The problem this tool is addressing is twofold: lack of visibility in the cloud and inefficient security controls. To solves two challenges Catbird developed two products: Catbird Insight and Catbird Secure. Insight is the core product in that it does the discovery of virtual assets, groups those assets logically and allows visualization and analysis of traffic flows. This last is, in our opinion, one of its great strengths.
Within a virtual data center there are no physical entities, so the only thing that can be analyzed is the data. To analyze the data one needs to understand how the data are flowing. Knowing that, relationships between virtual devices can be determined and appropriate security applied. Once data flows and the virtual assets are understood, these assets can be grouped into trust zones - and that is the key to the entire Catbird approach.

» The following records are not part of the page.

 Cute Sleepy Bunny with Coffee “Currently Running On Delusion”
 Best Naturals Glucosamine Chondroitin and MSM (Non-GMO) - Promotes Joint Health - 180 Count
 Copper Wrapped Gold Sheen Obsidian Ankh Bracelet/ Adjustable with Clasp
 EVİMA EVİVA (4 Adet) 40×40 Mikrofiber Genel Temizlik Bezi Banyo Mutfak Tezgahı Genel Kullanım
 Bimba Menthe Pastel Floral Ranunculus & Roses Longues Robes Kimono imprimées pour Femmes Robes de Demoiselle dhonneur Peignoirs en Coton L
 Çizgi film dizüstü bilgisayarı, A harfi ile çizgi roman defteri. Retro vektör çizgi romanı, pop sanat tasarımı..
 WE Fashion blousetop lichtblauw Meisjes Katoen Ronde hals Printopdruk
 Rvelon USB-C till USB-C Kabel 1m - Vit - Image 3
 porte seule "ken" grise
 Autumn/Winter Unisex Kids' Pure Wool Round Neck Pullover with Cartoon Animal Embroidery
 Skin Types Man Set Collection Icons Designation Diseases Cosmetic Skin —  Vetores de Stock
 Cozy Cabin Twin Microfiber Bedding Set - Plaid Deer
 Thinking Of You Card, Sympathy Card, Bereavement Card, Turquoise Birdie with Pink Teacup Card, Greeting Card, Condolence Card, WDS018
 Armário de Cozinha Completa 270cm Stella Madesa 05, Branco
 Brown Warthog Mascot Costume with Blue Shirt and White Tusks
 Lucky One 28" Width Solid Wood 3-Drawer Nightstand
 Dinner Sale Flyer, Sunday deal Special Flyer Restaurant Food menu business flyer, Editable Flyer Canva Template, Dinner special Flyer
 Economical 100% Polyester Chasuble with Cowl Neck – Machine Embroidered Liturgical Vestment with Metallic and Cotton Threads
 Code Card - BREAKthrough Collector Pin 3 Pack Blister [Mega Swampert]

There really is only one place to put the security software in the Catbird approach: on the hypervisor. Catbird is, therefore, somewhat limited in the platforms it can address due to the limitations of various types of hypervisors. It supports VMware and OpenStack. The software is deployed on the hypervisor and sits in a hub-and-spoke architecture. It can scale across multiple locations and multiple hosts. It is priced based on the number of hosts.
Each virtual network has a virtual appliance deployed and that talks to the individual virtual machines. There is nothing sitting on the VMs, so there is no additional loading due to the security tools.
Insight's big job is inventory. This is an automated task, and the tool constantly looks for assets that have been added or removed. Not willing to take a single view, to avoid errors Insight corroborates from multiple sources. It is interested in changes to VMs as well so that it can group them appropriately into the appropriate trust zones.
One of the important tools used by Insight is NetFlow data. NetFlow tracks data between devices and, ultimately, between trust zones. This approach adds a lot of granularity - such as ports and protocols - to the IP locations of the virtual devices. It also allows one of the clearest visual displays we've seen. While Catbird Secure uses, among other displays, the RADAR display - which we really like for its clarity - Insight uses a circular display that shows zones placed around a wheel and lines between the assets indicating traffic flowing between them.
What we found fascinating about this display - actually very good and simple to understand at-a-glance analytics - was that a baseline can be established and then deviations from the baseline detected and alerted on.
Insight has two core components: the Catbird Control Center and the Virtual Machine Appliances (vMA). The Control Center is, itself, a virtual machine and it steers the vMAs. The vMAs are deployed as virtual machines on each switch and are lightweight, not in-line deployments.
Secure has some nice features as well. For example, one can extend the notion of access control lists - ACLs - to zone access control lists - ZACLs. That lets admins manage the way trust zones communicate with each other. Everything that both of these tools does is driven by compliance requirements. All analysis done by Secure, for example, is based on regulatory and policy compliance.
Secure can manage vulnerabilities as well as IPS behavior and all of the relationships that impact that management task are set by Insight and the policies in Secure. Together, these two products are a formidable tool in securing the virtual data center and they take an entirely different approach than most other, similar products. Unlike Insight, Secure does not alert. Rather, it enforces its policies. Since those policies are built based on the relationships discovered, mapped and analyzed by Insight, the likelihood of a security function being compromised without the administrator knowing is pretty small indeed.
We found this product - as we have its sister product, Secure, in the past - a very nice tool with an innovative approach to managing security in a virtual data center. We also like that it can be deployed in many cloud environments without impacting the cloud community - while still protecting the organization deploying it.
Price seems high until one realizes that pricing is by the host up to 50 hosts. A 50-host data center is pretty good size and there are likely to be a very large number of virtual networks and virtual machines. So, since there are no restrictions on the number of VMs or networks, pricing actually is very reasonable.
Product Catbird Insight
Price $25,000 up to 50 hosts.
What it does Automatically and continuously discovers all assets in the virtual infrastructure, allows the grouping of these assets into logical Catbird Trust Zones.
What we liked The ability to apply sophisticated analytics due to asset relationships and traffic flows discovered by Insight.